- Directed by: Violet Du Feng
- Produced by: Joanna Natasegara; James Costa; Mette Cheng Munthe-Kaas;
- Cinematography: Wei Gao
- Edited by: John Farbrother
- Music by: Chad Cannon
- Distributed by: Violet Films (United Kingdom)
- Release date: January 23, 2025 (Sundance);
- Running time: 90 minutes
- Countries: United States United Kingdom Norway

= The Dating Game (film) =

2025 documentary

The Dating Game is a 2025 documentary directed and produced by Violet Du Feng. The film follows a week-long dating camp in China where three bachelors learn how to find love.

== Production ==
The film was produced by Fish+Bear Pictures and Violet Films; the production was also associated with Bird Street Productions, Ten Thousand Images, and Chicken & Egg Pictures.

== Release and distribution ==
It debuted at the Sundance Film Festival on January 23, 2025 in the World Documentary category.

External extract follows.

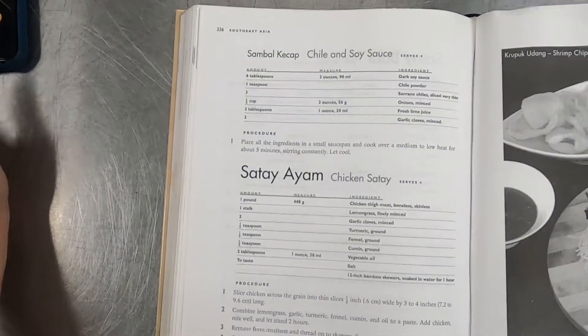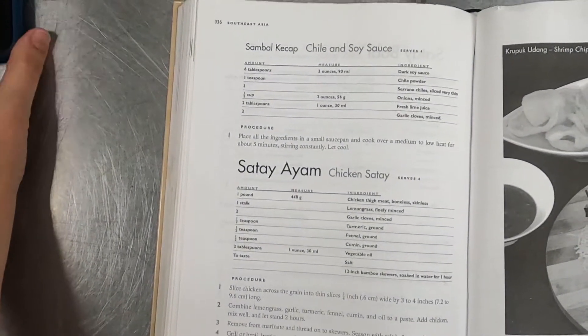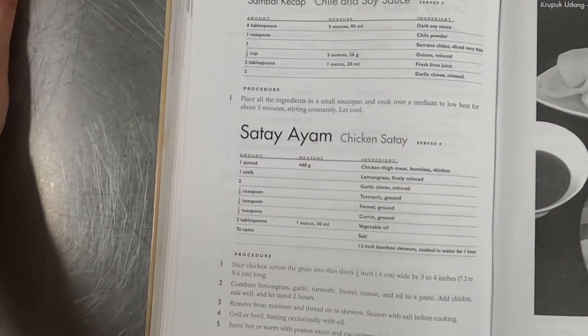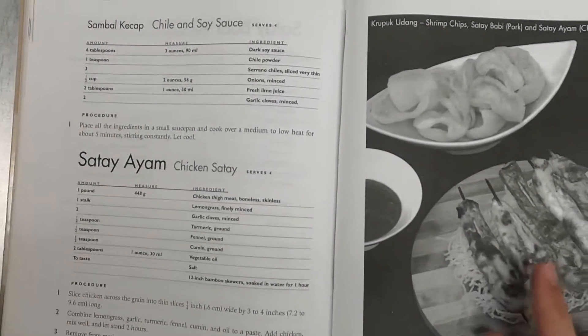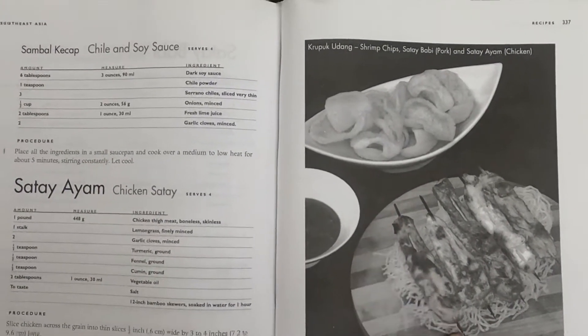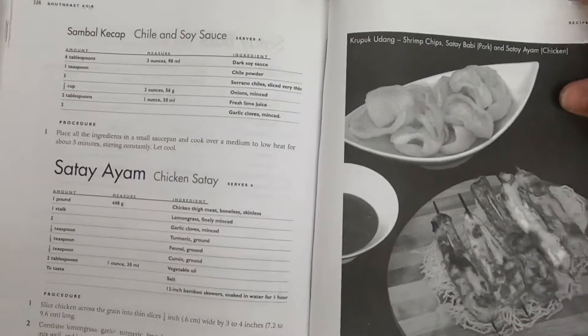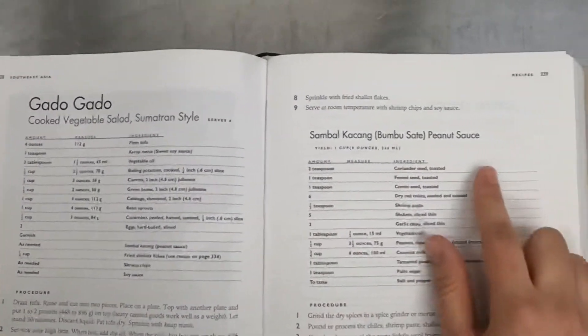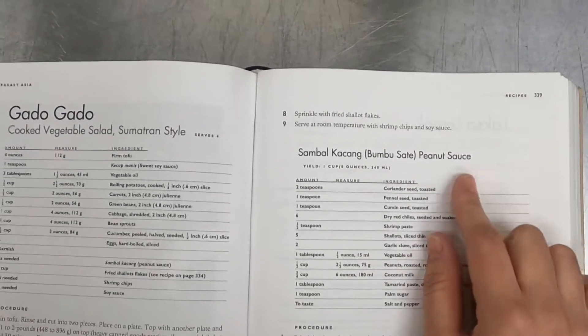Today we're going to be making chicken satay, an Indonesian street food staple. You can see it here from the picture in your text — it's strips of chicken on little bamboo skewers that are marinated and grilled, and they'll be served with a peanut sauce that you'll find on page 339.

The film is currently seeking distribution.

== Synopsis ==
The film follows three Chinese men—Zhou, Li, and Wu—as they attend a seven-day dating camp in Chongqing to learn how to find love from two dating coaches—Hao and Wen—who are married to each other.

== Critical reception ==
 Metacritic, which uses a weighted average, assigned the film a score of 65 out of 100, based on 6 critics, indicating "generally favorable" reviews.

JoySauce said that the film "walks a fine tonal line with care and precision, and shows empathy towards a group of men who might not otherwise find it from their own kin" but questioned whether it really challenged "the root causes of the problems it suggests."

IndieWire gave the film a B− rating, lauding the relationship shown between Hao and Wen but otherwise finding the film unfocused with its asymmetric development of its subjects and its tackling of questions too big for it to answer.

Vulture critiqued the film's second half, noting its lack of focus due to "cursory tangents to expand its scope to larger China" as well as its resignation to Hao's "shallow" ideas around dating; the reviewer also pointed out a loose series of facts and observations about Chinese dating culture writ large that felt lacking in cohesion.